* Exercise *
What you write should be an exact repeat of the lines from the one with "Ascent from O" through the final line below, minus the pictures.

* Dataset content *
═══

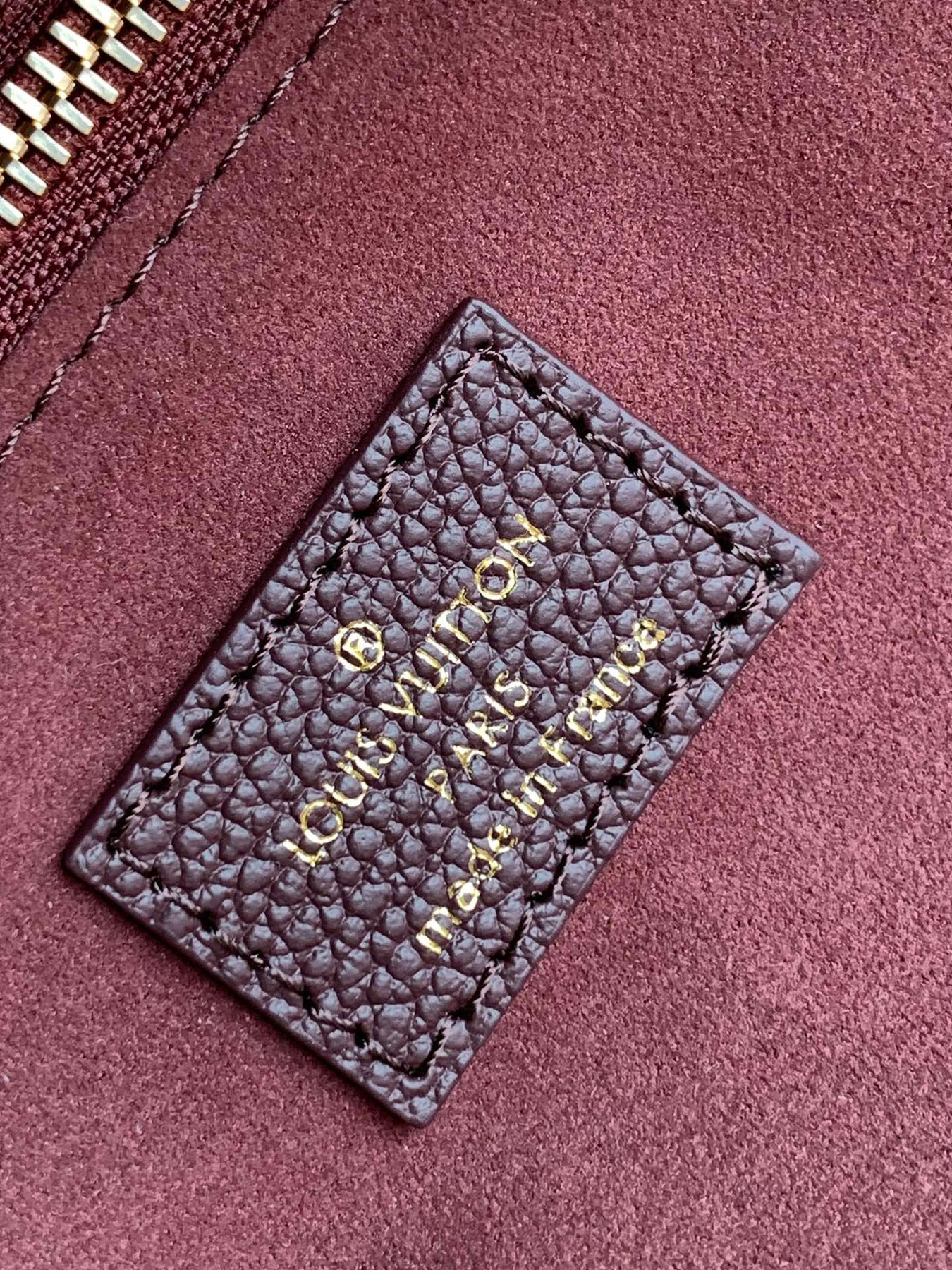 NEVERFULL MM 32 WINE MONOGRAM EMPREINTE LEATHER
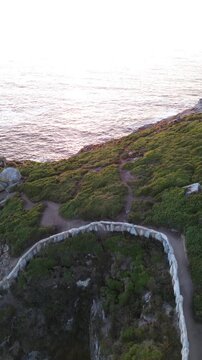 Ascent from O Burato do Inferno cave on Ons Island, Galicia. The rocky chasm is bordered by a stone wall and surroundend lush greenery. Behind it, golden lit cliff stands against calm Atlantic Ocean.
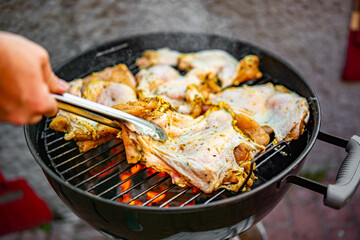 man chef cooking chicken meat on grill outdoor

═══

* Solution to the problem *
 Ascent from O Burato do Inferno cave on Ons Island, Galicia. The rocky chasm is bordered by a stone wall and surroundend lush greenery. Behind it, golden lit cliff stands against calm Atlantic Ocean.
 man chef cooking chicken meat on grill outdoor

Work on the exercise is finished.